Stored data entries
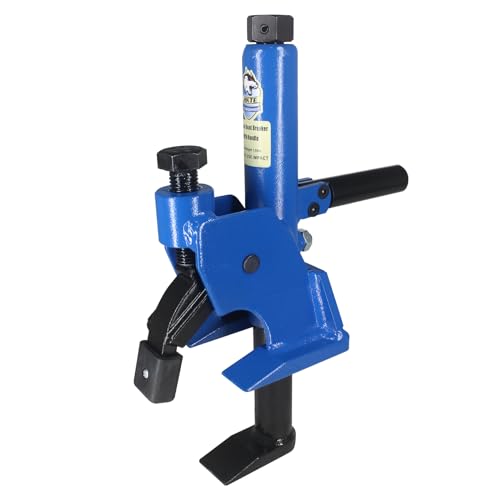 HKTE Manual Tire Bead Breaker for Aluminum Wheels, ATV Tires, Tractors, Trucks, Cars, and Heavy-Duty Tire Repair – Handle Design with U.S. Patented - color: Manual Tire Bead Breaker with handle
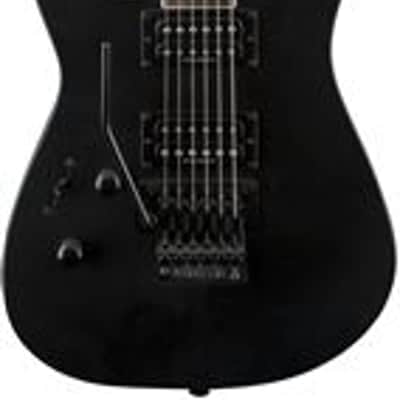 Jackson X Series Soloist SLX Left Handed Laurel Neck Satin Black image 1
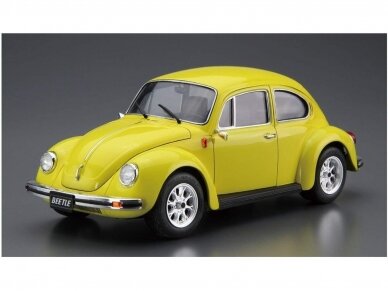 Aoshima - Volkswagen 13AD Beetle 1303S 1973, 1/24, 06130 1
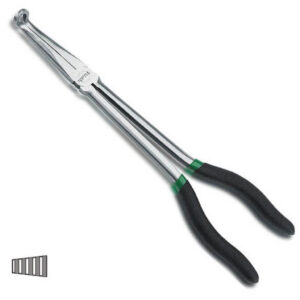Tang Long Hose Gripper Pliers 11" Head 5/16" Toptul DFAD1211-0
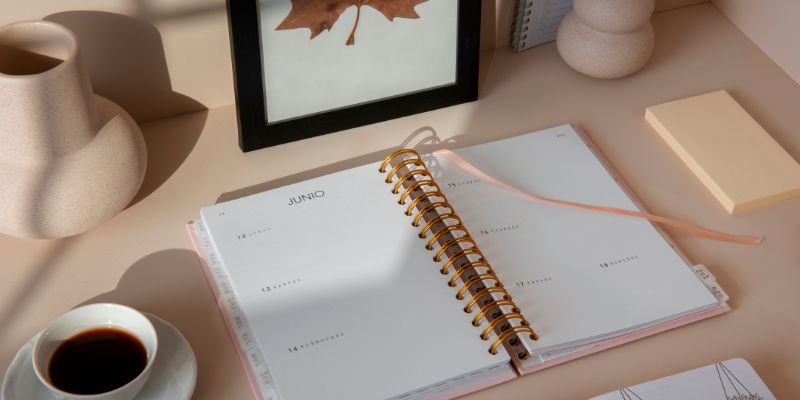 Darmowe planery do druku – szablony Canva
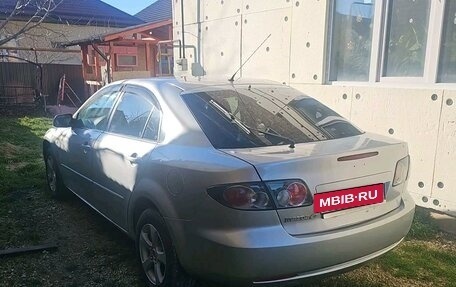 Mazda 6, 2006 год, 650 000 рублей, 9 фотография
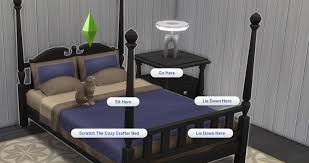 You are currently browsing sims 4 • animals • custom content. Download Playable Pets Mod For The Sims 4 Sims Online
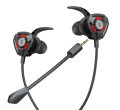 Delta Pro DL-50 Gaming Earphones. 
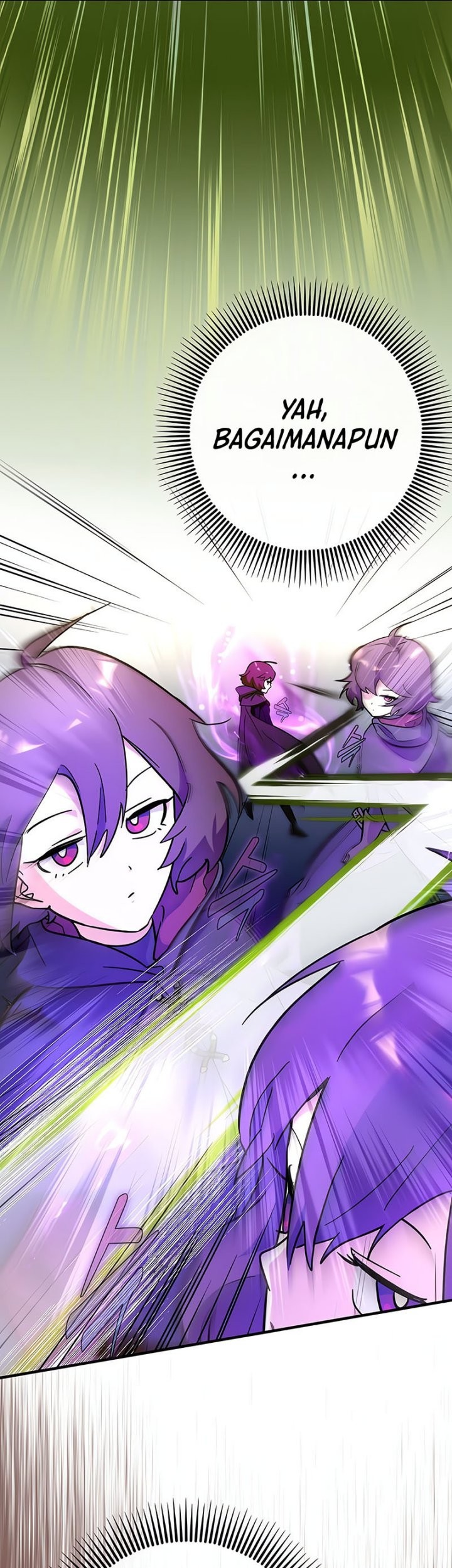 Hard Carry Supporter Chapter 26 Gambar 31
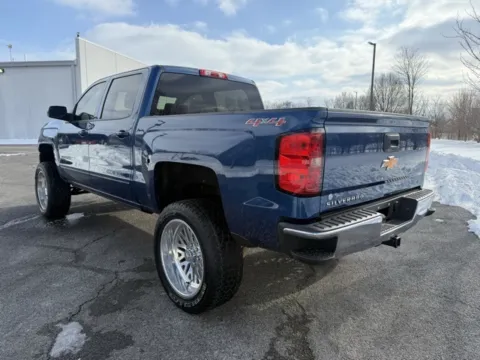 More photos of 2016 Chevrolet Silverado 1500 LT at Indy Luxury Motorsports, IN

* WHAT TO WORK ON
Make an exact copy of all entries above, dropping the images.

* TASK SOLUTION
 HKTE Manual Tire Bead Breaker for Aluminum Wheels, ATV Tires, Tractors, Trucks, Cars, and Heavy-Duty Tire Repair – Handle Design with U.S. Patented - color: Manual Tire Bead Breaker with handle
 Jackson X Series Soloist SLX Left Handed Laurel Neck Satin Black image 1
 Aoshima - Volkswagen 13AD Beetle 1303S 1973, 1/24, 06130 1
Tang Long Hose Gripper Pliers 11" Head 5/16" Toptul DFAD1211-0
 Darmowe planery do druku – szablony Canva
 Mazda 6, 2006 год, 650 000 рублей, 9 фотография
 You are currently browsing sims 4 • animals • custom content. Download Playable Pets Mod For The Sims 4 Sims Online
 Delta Pro DL-50 Gaming Earphones. 
 Hard Carry Supporter Chapter 26 Gambar 31
 More photos of 2016 Chevrolet Silverado 1500 LT at Indy Luxury Motorsports, IN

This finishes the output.